Third, this letter goes the extra mile by not even mentioning pregnancy and instead comparing your disability to one suffered by someone recovering from a concussion. Why should this matter? Some courts have concocted a bizarre doctrine under which impairments that are incident to a “normal pregnancy” cannot be considered a disability. In many instances, this is wrong under the law, particularly after 2009. But you might save yourself some trouble and a fair amount of legal fees if you don’t point your employer down that path in the first place. We sidestep that here by not even mentioning the fact that you are pregnant and instead comparing what you have to the same disability that many athletes have experienced. Have a neanderthal judge who thinks pregnant “ladies” shouldn’t have a job “if it hurts to work,” but remembers that time playing college football that he got his bell rung after which he couldn’t get out of bed for week due to migraines? Yeah, well, he’s going to be much more likely to rule in your favor now that someone with an advanced medical degree has told him that you suffer from the same thing that he can relate to.

Let’s be clear. I am not asking you to game the system. Have you seen those news reports where a detective takes video of someone out on disability cutting down a tree with a chainsaw or roughhousing with the kids? This is not that situation.

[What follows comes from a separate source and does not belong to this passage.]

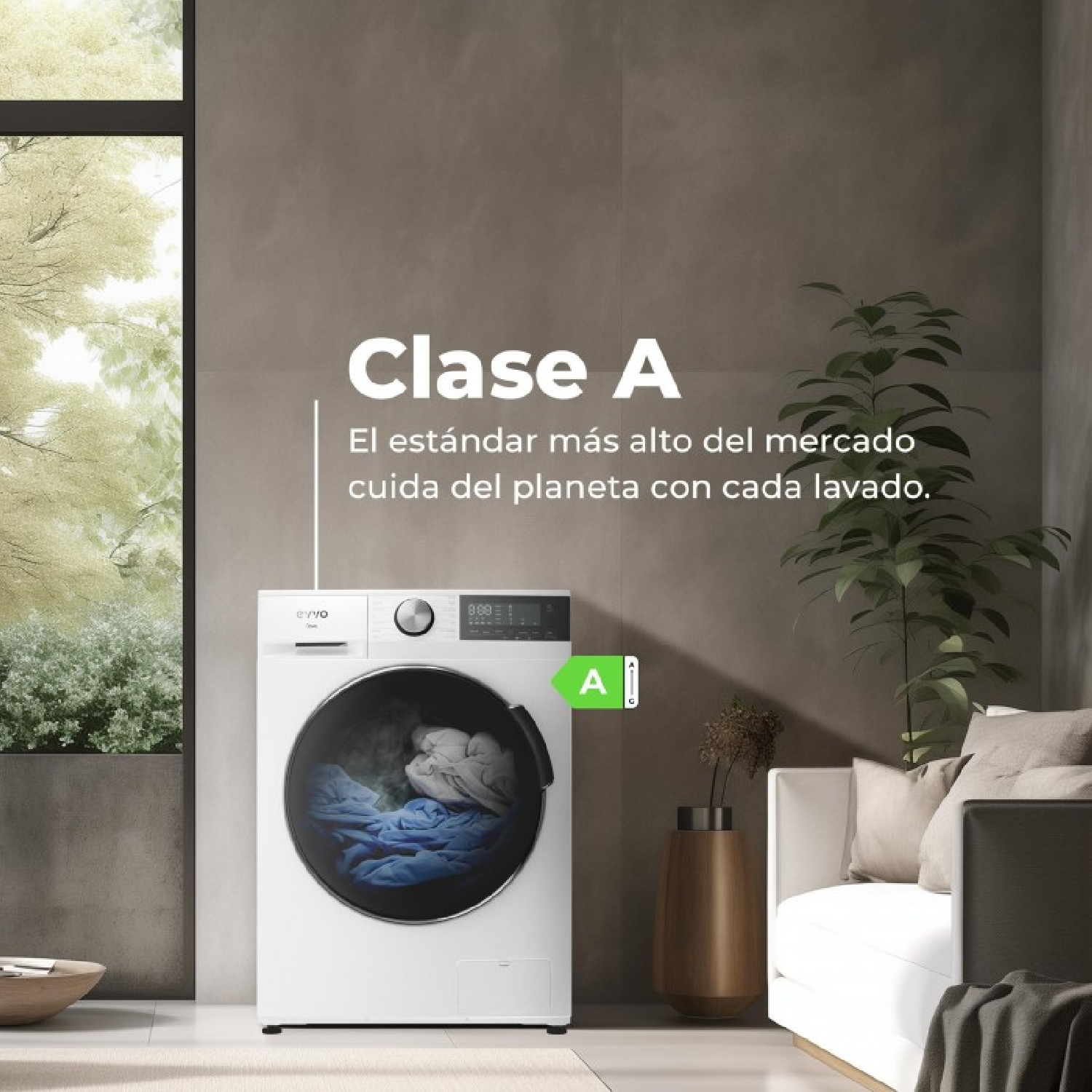 Una lavadora blanca con tambor cargado está en una habitación moderna.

What I’m recommending that you put forward is the simple truth written in a way that helps you get the protection that you need. Employment law is stacked against the employee. The law is full of strange pitfalls that prevent those who have been truly wronged from getting any kind of justice. Employees brave enough to stand up to wrongful employment actions in the workplace should be protected to the full extent possible. In the ADA context, this means explaining to your doctor the nature of your symptoms and your circumstances at work. For instance, as discussed, one relevant factor in ADA matters is how long your condition will last. The longer you will have to put up with the impairment, the more likely you are to be covered under the ADA. We’re not talking about getting a payday here—just about keeping a job that you probably very much need.

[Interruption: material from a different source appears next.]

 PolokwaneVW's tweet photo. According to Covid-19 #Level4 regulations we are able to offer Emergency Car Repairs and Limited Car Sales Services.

So, if you ask the doctor how long your conditions will last and she responds, “Well, let’s hope that it’s cleared up in a month or so,” follow up by explaining your difficulties at work and that you could be entitled to small changes in your work environment, but probably not if this goes away in a month or so. And you can’t keep on for a month or so. Maybe your doctor responds, “Oh, of course. I do hope that it clears up in a month or so, but in over half of my patients, it can take several courses of treatment. It’s not uncommon for your condition to continue for up to a year.” That makes a big difference in whether you get relief under the ADA—relief that many times will cost your employer next to nothing to provide. Let’s face it, the real reason your employer may not be making the changes (e.g., letting you bring a water bottle, go to bathroom more frequently, etc.) is that your boss doesn’t want you around anymore. Babies are time-consuming. People without kids are more available. Let’s go hire one of them. That’s why this is happening. That’s not right. Protect yourself with the best, most accurate information that you can get.

Here’s the bottom line if you need changes to your work due to pregnancy or some other disability. To get the relief you need, you need a doctor with a full understanding of your condition who can explain it to your employer. Your doctor should describe the medical reason underlying the need for changes in your workplace. If you can, find a lawyer with knowledge of this area before you approach your employer.